La plupart des jours, Genna Metillo passe ses journées penchée sur une machine à coudre dans une usine mal ventilée située dans une zone industrielle à environ 30 kilomètres au sud de Manille, aux Philippines, fabriquant des vêtements pour des marques de mode internationales.
Le rythme est épuisant dans des circonstances normales, avec des quotas de production élevés qui signifient que les travailleurs n’ont pas le temps de s’arrêter, même pour aller aux toilettes ou prendre un verre d’eau. Lorsque les températures ont grimpé en avril, la situation est passée de désagréable à dangereuse.
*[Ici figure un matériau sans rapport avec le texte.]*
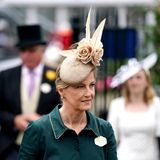 Beim alljährlichen Pferderennen trifft sich das Who-is-Who Englands: Königin, Thronfolger, Adel und angesagte Socialites geben sich die Klinke in die Hand. Hier sehen wir Sophie, Gräfin von Wessex.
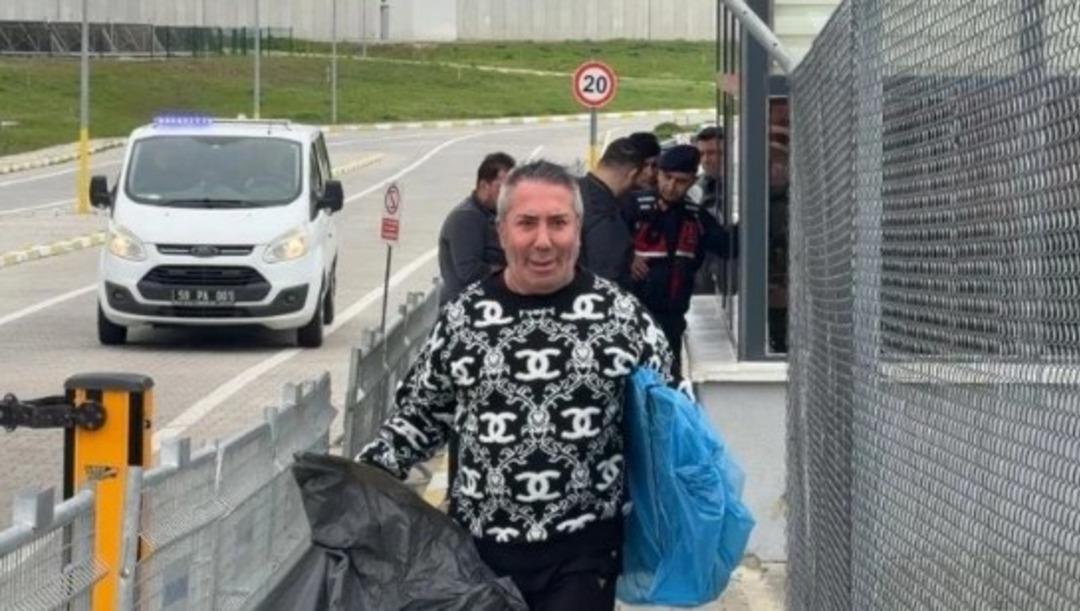 102 g&uuml;n sonra tahliye edildi! Murat &Ouml;v&uuml;&ccedil; &uuml;n son hali g&uuml;ndem oldu 1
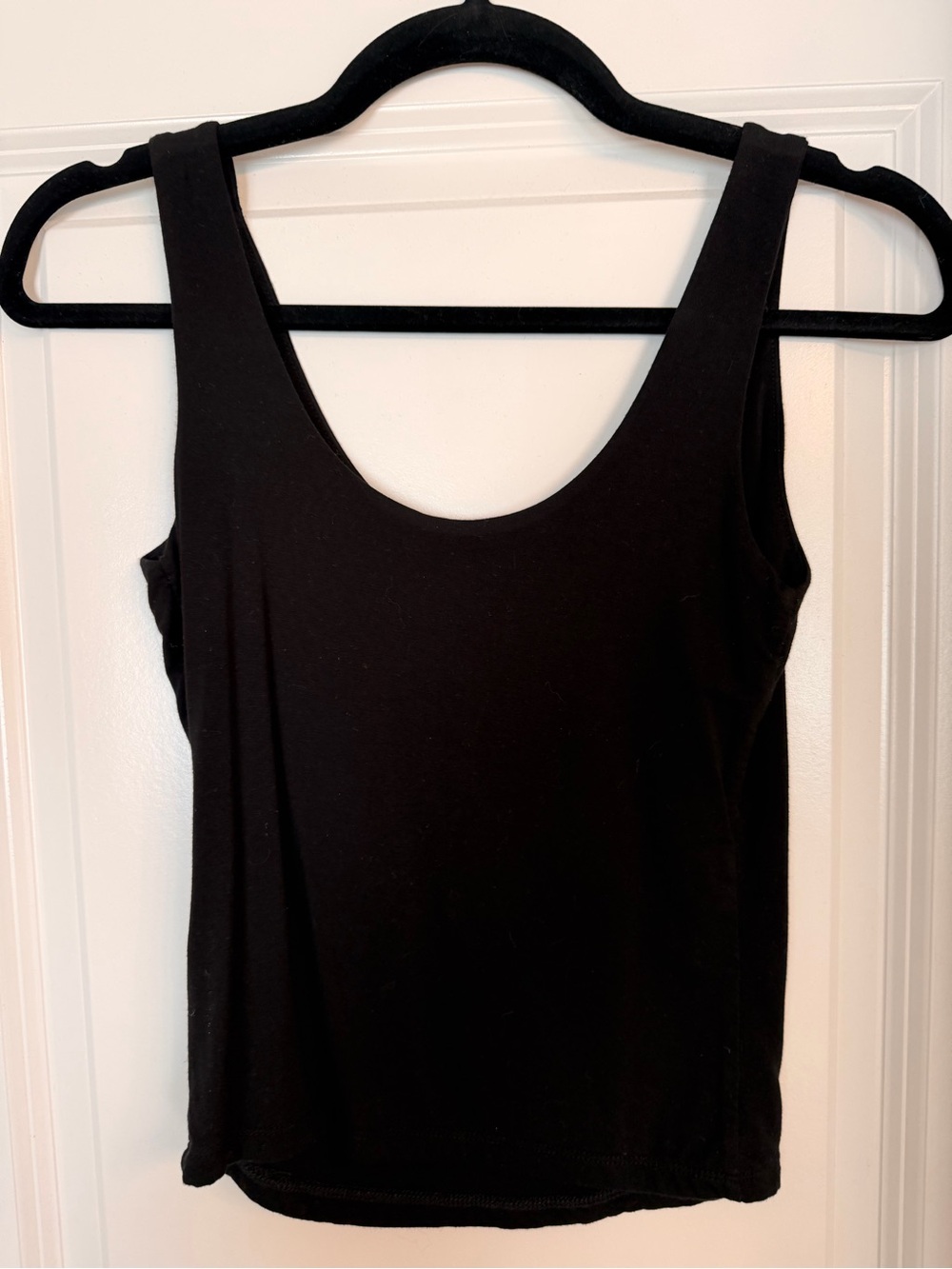 BE COOL Black Scoop Neck Tank Top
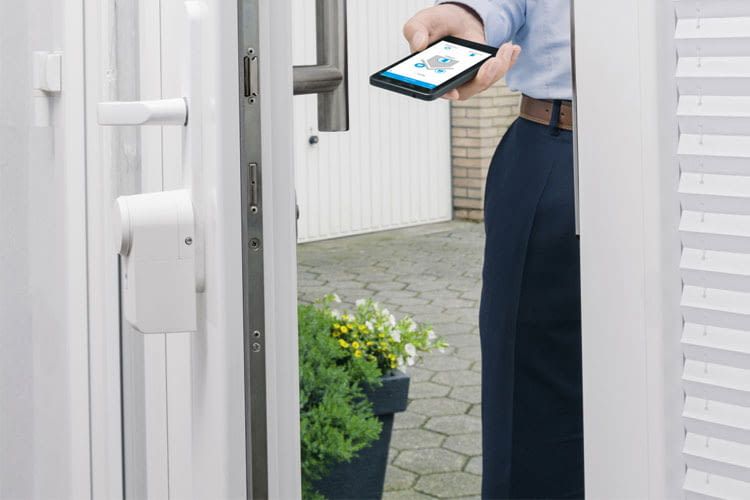Mit dem eqiva Türschlossantrieb können Bewohner ihre Tür einfach per App ver- und entriegeln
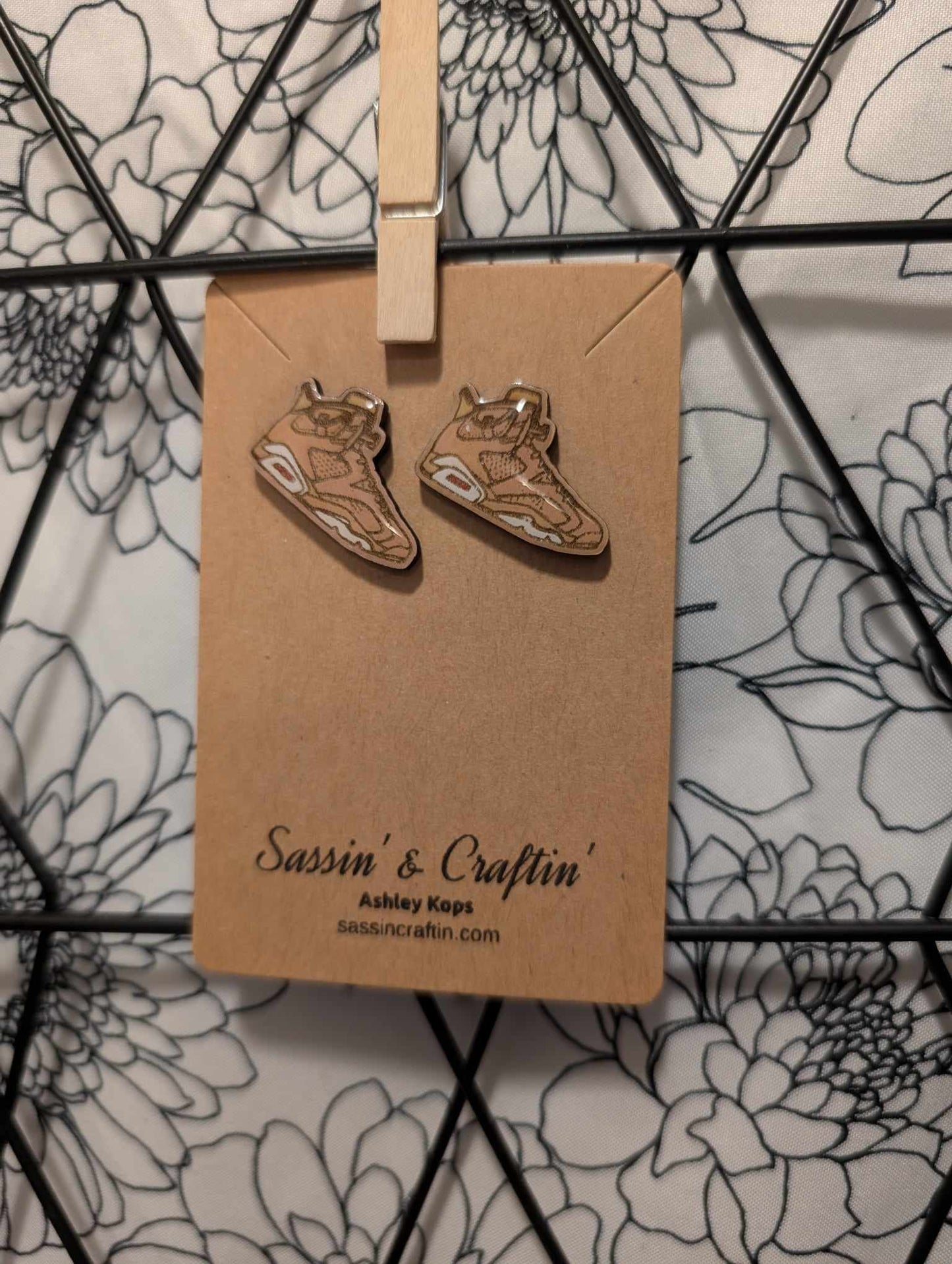 Sneaker 6 stud earrings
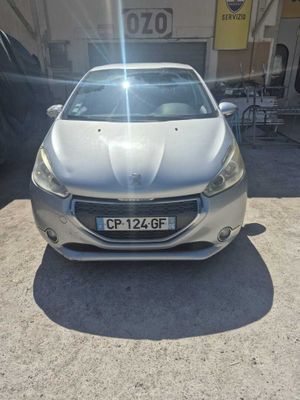 l'avant d'une voiture argentée garée devant un immeuble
Les travailleurs se sont plaints de symptômes tels que des maux de tête, des étourdissements et des nausées. Cinq personnes se sont évanouies, a déclaré Metillo, parlant avec la traduction de Kamz Deligente, directeur adjoint du Centre pour les syndicats et les droits de l’homme aux Philippines.
De telles histoires sont de plus en plus courantes, alors que le changement climatique rend les vagues de chaleur à travers le monde plus intenses, plus fréquentes, plus longues et plus mortelles. L’Asie, où se trouvent bon nombre des plus grands centres de fabrication de la mode, est parmi les régions les plus touchées.
Les conséquences sont réelles, croissantes et largement non documentées, laissant l’industrie de plus en plus exposée à une menace qu’elle n’a même pas encore commencé à reconnaître.
**Il fait de plus en plus chaud ici**
Pendant une grande partie des deux derniers mois, des régions d’Asie du Sud et du Sud-Est ont été sous une couverture de chaleur mortelle. Bien que ce soit toujours la période la plus chaude de l’année, les températures étouffantes, aggravées par le changement climatique, ont duré des semaines et battu des records dans toute la région.
« Je suis à Dhaka depuis cinq ans et je n’ai jamais vu ça », a déclaré un responsable d’usine, décrivant la situation au Bangladesh en avril — le mois le plus chaud jamais enregistré dans le pays. « Quand vous sortez des véhicules, c’est comme un désert. »
Bien que les pluies aient apporté un certain répit, des pays comme le Cambodge, les Philippines et le Myanmar ont également connu des chaleurs record. En Inde, où les températures à Delhi ont atteint 50 degrés Celsius (122 Fahrenheit) la semaine dernière, des milliers de cas de coup de chaleur et des dizaines de décès ont été signalés depuis mars, selon les médias locaux.
« Nous sommes encore dans l’idée que la crise climatique et écologique est quelque chose qui nous impactera dans le futur », a déclaré Liz Parker, membre associée du réseau de défense des travailleurs Clean Clothes Campaign. « Elle a un impact massif maintenant. »
L’industrie n’est pas prête à gérer la chaleur.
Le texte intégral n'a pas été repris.